*REQUIRED ACTION*: From the entries below, retype only the lines from the one with "2017 Nissan Sentra" through the one with "ゴシック様式の衣装パーティーハロウィンハット キャップ (正面)", exactly as written.

*DATASET RECORDS*:
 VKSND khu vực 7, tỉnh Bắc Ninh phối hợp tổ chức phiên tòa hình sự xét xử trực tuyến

* * *

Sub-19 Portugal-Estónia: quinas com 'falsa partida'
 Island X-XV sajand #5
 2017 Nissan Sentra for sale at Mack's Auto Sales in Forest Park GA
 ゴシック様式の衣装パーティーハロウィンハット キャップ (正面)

--

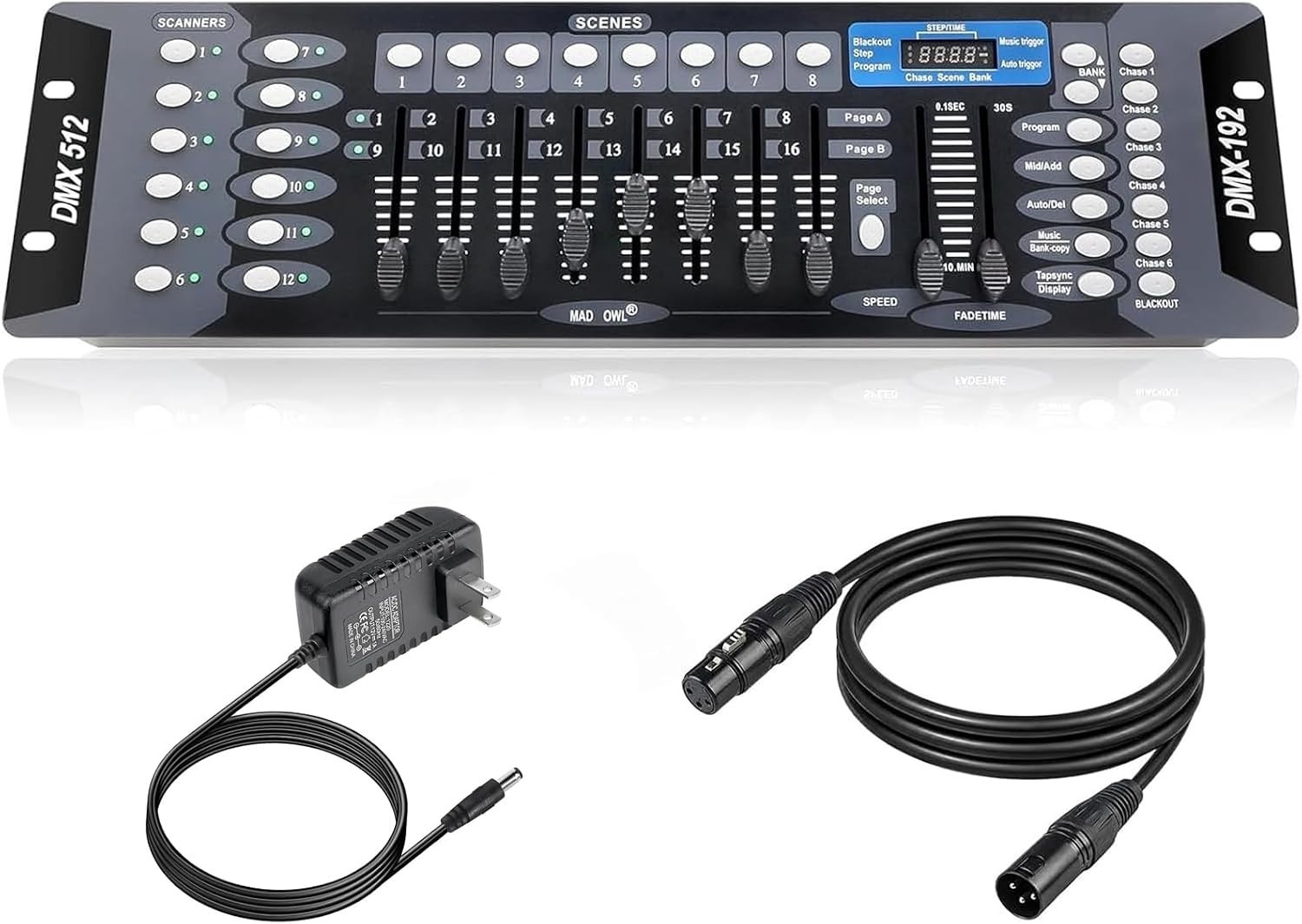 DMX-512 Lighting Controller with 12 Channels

*YOUR RESPONSE*:
 2017 Nissan Sentra for sale at Mack's Auto Sales in Forest Park GA
 ゴシック様式の衣装パーティーハロウィンハット キャップ (正面)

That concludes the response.